_EXERCISE OBJECTIVE:_
In the material below, find the span from the line with "City Classics 501-7" to the line with "Women's Thanks giving" and transcribe only those lines, exactly, ends included, without the pictures.

_SUPPLIED MATERIAL:_
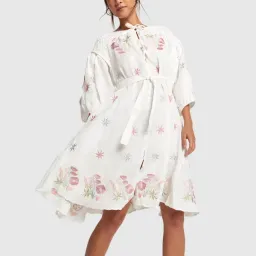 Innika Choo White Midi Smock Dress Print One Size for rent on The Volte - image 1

* * *

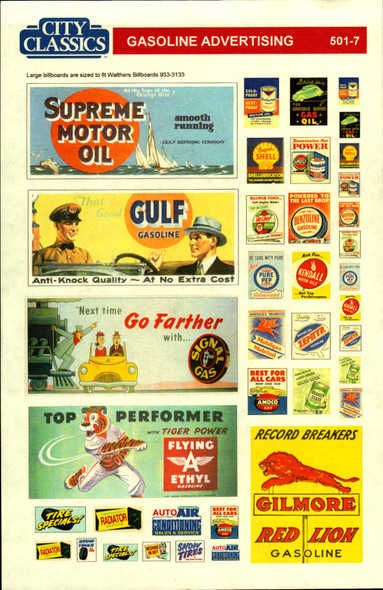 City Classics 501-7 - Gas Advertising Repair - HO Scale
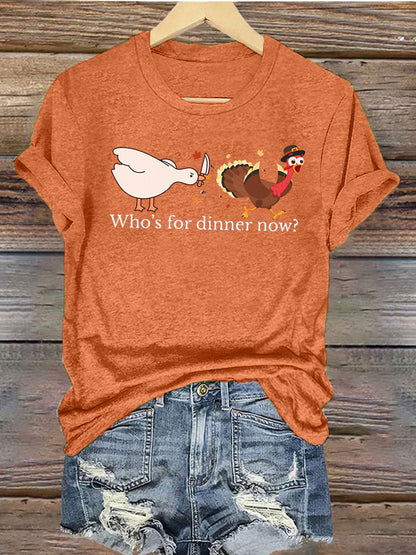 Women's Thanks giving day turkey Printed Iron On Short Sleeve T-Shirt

* * *

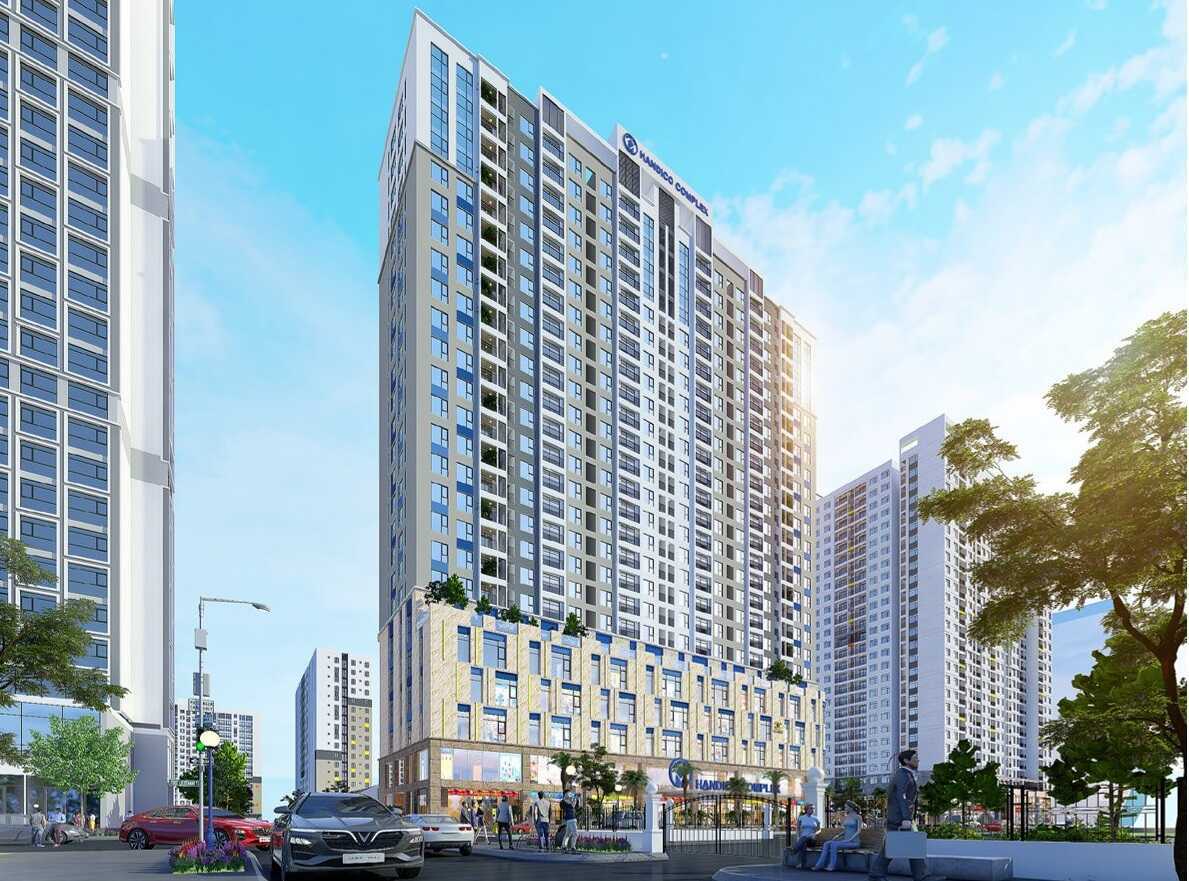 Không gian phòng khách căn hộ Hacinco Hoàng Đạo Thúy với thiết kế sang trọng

_WORKED SOLUTION:_
 City Classics 501-7 - Gas Advertising Repair - HO Scale
 Women's Thanks giving day turkey Printed Iron On Short Sleeve T-Shirt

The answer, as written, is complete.